In point of fact, everybody in this film longs to make the grade from one
Acceptance Committee or another. Even Yossi, a lonely bachelor and bus
driver who finally gives dating a chance when mutual friends set him up with
Rachel. Set in Israel in the early 1980s, this is a film about family, and
about survivors: individuals struggling to make it under difficult
circumstances, learning to accept each other and keep moving forward, even
when the situation seems hopeless. Of course, what is immediately made
conspicuous by a complete and total absence is the world of the Palestinians.

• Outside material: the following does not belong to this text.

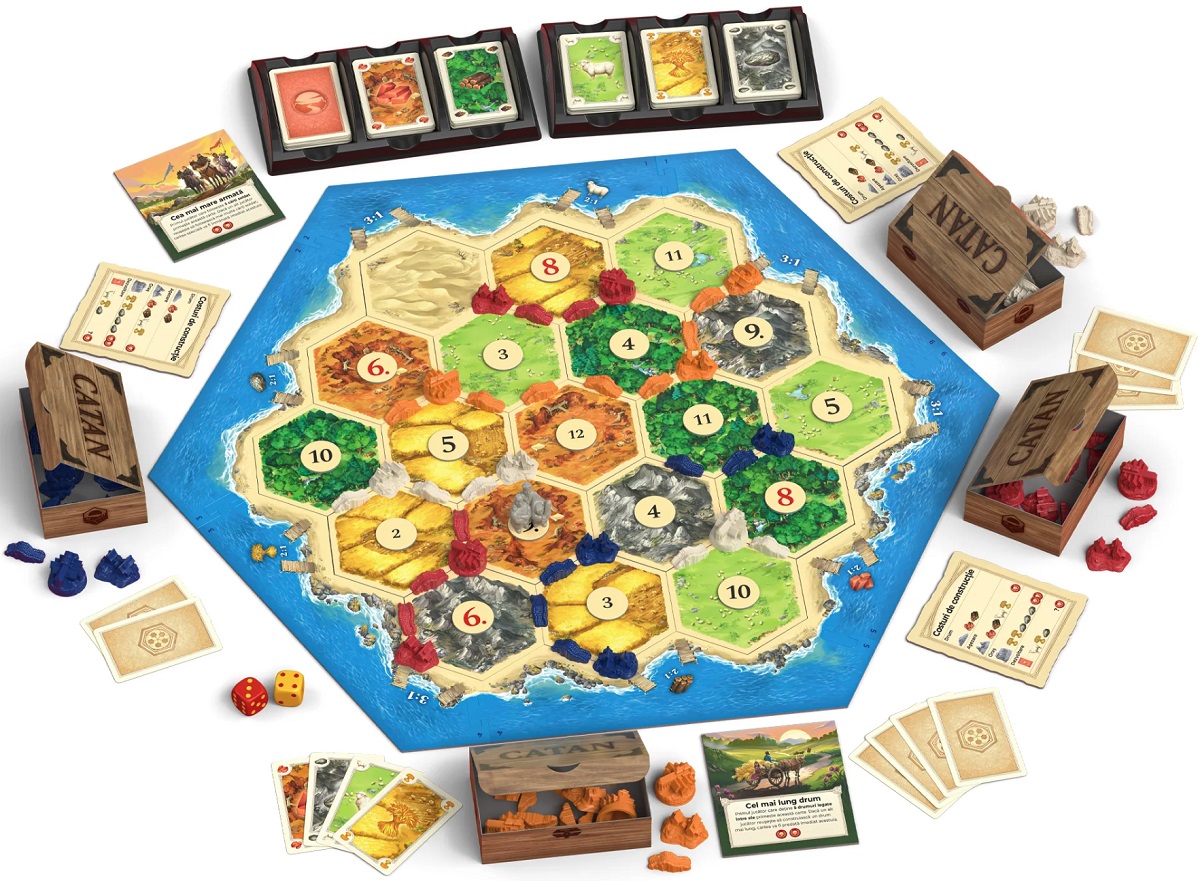 Catan. Jocul de baza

There's not even a single direct reference to an ongoing conflict that,
historically speaking, is on the verge of exploding. In this film, that
particular conflict seems always just beyond the edge of the frame. At the
site of the new settlement, near the Palestinian town of Ramallah, the gung
ho group of settlers pose for pictures with tractors and guns. At their pep
rally, the group speaks obliquely of "these dificult times," with references
to "saving Israel and the Jews." Tammy is a part of a Zionist Youth Group
their meetings are reminiscent of Communist Young Pioneers gatherings
but seems less-than won over by their ideological earnestness. One
night during a religious festival she drifts from the youth group to the more
interesting group around her friend Raffi's campfire. Drawn by her own need
to belong, Tammy is caught up into something other than the romantic dream
she was looking for.
A common and even desperate need for acceptance, along with the kinds of
things people will do to gain acceptance, or in the name of acceptance, are
the themes a play in the quiet core of a film that on the surface
presents a solid family drama in a single-parent household. The
resolution seems a bit neat for a film which has such seemingly unresolveable
conflicts under the surface. But the characters and relationships are
compelling: we feel their pain, and that's a start toward accepting anyone.